# Text Classification - Vanilla Embeddings

----



## $\color{blue}{Sections:}$
* Preamble
* Admin - importing libraries
* Load - Loading our data from pandas
* Embeddings - create the embeddings
* Save - save the embeddings on dataframes and docs

## $\color{blue}{Preamble:}$

This note book will create embeddings and update dataframes and docs with embeddings from 'thenlper/gte-base'.

## $\color{blue}{Admin:}$


In [None]:
from google.colab import drive

In [None]:
drive.mount("/content/drive")
%cd '/content/drive/MyDrive/'


Mounted at /content/drive
/content/drive/MyDrive


In [None]:
%%capture
!pip install sentence-transformers huggingface_hub

In [None]:
%%capture
!pip install dill
!pip install langchain

## $\color{blue}{Load:}$

In [None]:
import pandas as pd
path = "class/datasets/"
df_train = pd.read_pickle(path + "df_train")
df_dev = pd.read_pickle(path + "df_dev")
df_test = pd.read_pickle(path + "df_test")

In [None]:
import dill
def save_langchain_docs(docs, filename):
    """Save a list of Langchain Documents to a .dill file."""
    with open(filename, 'wb') as f:
        dill.dump(docs, f)
    print(f"Documents saved to {filename}")

def load_langchain_docs(filename):
    """Load a list of Langchain Documents from a .dill file."""
    with open(filename, 'rb') as f:
        docs = dill.load(f)
    print(f"Documents loaded from {filename}")
    return docs

In [None]:
docs_train = load_langchain_docs(path + "docs_train")
docs_dev = load_langchain_docs(path + "docs_dev")
docs_test = load_langchain_docs(path + "docs_test")

Documents loaded from class/datasets/docs_train
Documents loaded from class/datasets/docs_dev
Documents loaded from class/datasets/docs_test


## $\color{blue}{Embeddings:}$

In [None]:
import os
from getpass import getpass
from huggingface_hub import login

# Prompt for your Hugging Face token securely
token = getpass("Please enter your Hugging Face token: ")

Please enter your Hugging Face token: ··········


In [None]:
# Use the token for Hugging Face login
if token:
    print("HuggingFace token has been successfully entered.")
    login(token=token)
else:
    print("Continuing without Hugging Face login")

HuggingFace token has been successfully entered.
The token has not been saved to the git credentials helper.
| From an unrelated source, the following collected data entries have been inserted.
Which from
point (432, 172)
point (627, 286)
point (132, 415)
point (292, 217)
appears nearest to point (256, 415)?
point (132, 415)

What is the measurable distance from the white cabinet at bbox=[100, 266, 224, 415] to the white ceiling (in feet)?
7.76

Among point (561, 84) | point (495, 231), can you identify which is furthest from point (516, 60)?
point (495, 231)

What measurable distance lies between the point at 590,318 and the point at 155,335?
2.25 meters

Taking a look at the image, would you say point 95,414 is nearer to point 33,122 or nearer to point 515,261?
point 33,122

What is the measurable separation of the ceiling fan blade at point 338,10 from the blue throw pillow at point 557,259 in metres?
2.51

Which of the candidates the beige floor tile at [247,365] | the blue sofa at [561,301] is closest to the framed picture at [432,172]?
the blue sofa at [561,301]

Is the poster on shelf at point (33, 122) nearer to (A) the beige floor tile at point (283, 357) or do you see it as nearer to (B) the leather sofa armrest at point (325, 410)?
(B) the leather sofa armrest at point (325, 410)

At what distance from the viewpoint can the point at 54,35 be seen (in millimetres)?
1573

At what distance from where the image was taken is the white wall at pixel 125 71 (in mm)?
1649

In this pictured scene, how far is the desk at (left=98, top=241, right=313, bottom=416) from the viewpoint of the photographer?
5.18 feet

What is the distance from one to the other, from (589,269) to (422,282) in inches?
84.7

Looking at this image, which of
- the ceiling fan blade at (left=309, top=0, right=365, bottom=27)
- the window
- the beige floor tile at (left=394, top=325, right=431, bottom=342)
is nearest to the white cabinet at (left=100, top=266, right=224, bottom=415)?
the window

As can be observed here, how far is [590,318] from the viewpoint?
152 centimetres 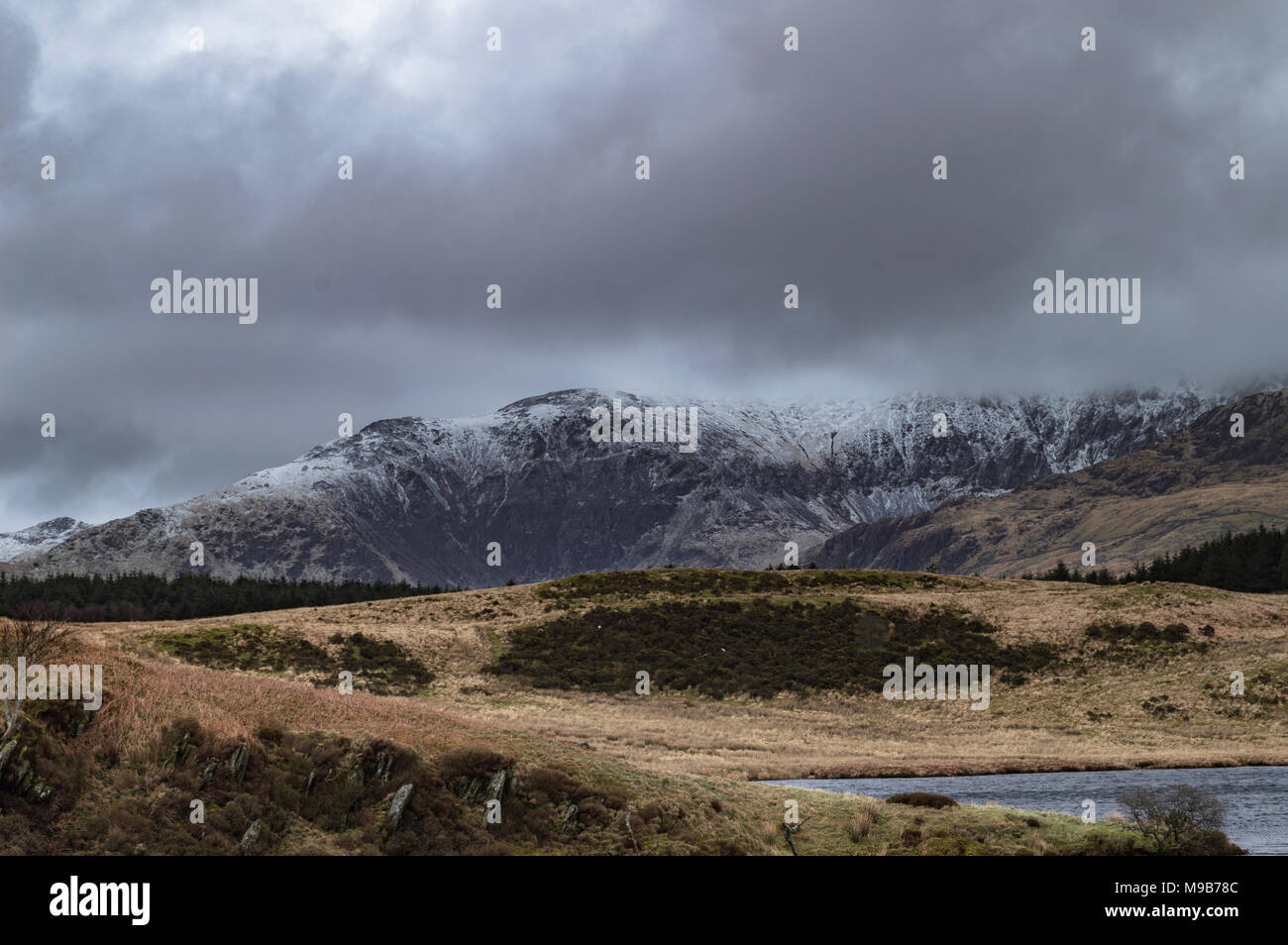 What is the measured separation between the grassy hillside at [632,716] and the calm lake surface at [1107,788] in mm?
3456

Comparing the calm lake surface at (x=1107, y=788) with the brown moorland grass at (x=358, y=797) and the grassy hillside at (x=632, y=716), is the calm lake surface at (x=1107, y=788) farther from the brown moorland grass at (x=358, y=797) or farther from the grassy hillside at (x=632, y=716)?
the brown moorland grass at (x=358, y=797)

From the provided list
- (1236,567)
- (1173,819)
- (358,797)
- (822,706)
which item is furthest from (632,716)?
(1236,567)

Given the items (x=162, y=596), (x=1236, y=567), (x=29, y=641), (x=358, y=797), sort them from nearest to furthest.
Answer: (x=358, y=797) < (x=29, y=641) < (x=1236, y=567) < (x=162, y=596)

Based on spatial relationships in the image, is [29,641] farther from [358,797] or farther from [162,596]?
[162,596]

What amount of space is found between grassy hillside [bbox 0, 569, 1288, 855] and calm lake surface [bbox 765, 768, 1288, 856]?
3456 millimetres

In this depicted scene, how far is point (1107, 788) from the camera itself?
48250mm

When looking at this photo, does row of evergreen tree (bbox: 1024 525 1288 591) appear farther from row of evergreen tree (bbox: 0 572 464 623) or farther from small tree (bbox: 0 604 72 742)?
small tree (bbox: 0 604 72 742)

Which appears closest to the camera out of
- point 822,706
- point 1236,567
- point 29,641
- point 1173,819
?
point 29,641

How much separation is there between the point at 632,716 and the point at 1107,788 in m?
39.8

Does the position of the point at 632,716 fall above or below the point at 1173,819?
below

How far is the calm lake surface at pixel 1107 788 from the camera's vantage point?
3766 cm

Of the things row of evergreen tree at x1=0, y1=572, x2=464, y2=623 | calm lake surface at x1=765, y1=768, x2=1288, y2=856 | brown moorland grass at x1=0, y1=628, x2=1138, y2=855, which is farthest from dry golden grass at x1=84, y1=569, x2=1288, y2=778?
row of evergreen tree at x1=0, y1=572, x2=464, y2=623

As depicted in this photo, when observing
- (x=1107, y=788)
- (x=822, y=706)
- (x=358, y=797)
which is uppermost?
(x=358, y=797)
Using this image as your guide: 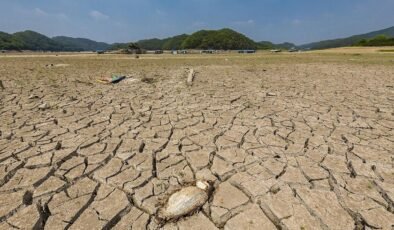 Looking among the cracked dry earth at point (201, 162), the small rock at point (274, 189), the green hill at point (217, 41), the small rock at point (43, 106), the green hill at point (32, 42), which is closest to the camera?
the cracked dry earth at point (201, 162)

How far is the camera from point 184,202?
6.45 feet

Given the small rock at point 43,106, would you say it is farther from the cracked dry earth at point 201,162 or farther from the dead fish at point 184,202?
the dead fish at point 184,202

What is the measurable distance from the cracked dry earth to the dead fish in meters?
0.05

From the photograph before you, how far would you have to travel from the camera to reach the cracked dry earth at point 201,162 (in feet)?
6.13

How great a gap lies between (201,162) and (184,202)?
71 cm

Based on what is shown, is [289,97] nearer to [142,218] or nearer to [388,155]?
[388,155]

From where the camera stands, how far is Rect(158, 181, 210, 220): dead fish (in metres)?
1.88

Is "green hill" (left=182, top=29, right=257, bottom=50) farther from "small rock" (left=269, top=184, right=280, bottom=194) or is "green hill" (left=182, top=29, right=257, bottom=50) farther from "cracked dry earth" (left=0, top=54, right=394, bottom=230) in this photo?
"small rock" (left=269, top=184, right=280, bottom=194)

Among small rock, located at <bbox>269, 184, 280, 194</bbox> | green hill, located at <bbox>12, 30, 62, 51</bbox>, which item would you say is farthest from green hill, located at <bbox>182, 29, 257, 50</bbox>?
small rock, located at <bbox>269, 184, 280, 194</bbox>

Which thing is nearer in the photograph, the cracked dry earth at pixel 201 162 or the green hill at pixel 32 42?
the cracked dry earth at pixel 201 162

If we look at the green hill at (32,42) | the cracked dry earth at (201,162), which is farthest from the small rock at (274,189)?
the green hill at (32,42)

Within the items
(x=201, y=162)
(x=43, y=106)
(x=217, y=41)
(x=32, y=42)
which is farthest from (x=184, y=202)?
(x=32, y=42)

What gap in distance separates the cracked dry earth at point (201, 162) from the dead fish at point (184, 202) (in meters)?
0.05

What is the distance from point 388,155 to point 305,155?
3.00ft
Pass `add_to_git_credential=True` in this function directly or `--add-to-git-credential` if using via `huggingface-cli` if you want to set the git credential as well.
Token is valid (permission: write).
Your token has been saved to /root/.cache/huggingface/token
Login successful


In [None]:
from sentence_transformers import SentenceTransformer
from tqdm import tqdm

test_sentence = 'This is a test'
model = SentenceTransformer('thenlper/gte-base')
test_embedding = model.encode(test_sentence, convert_to_tensor=True)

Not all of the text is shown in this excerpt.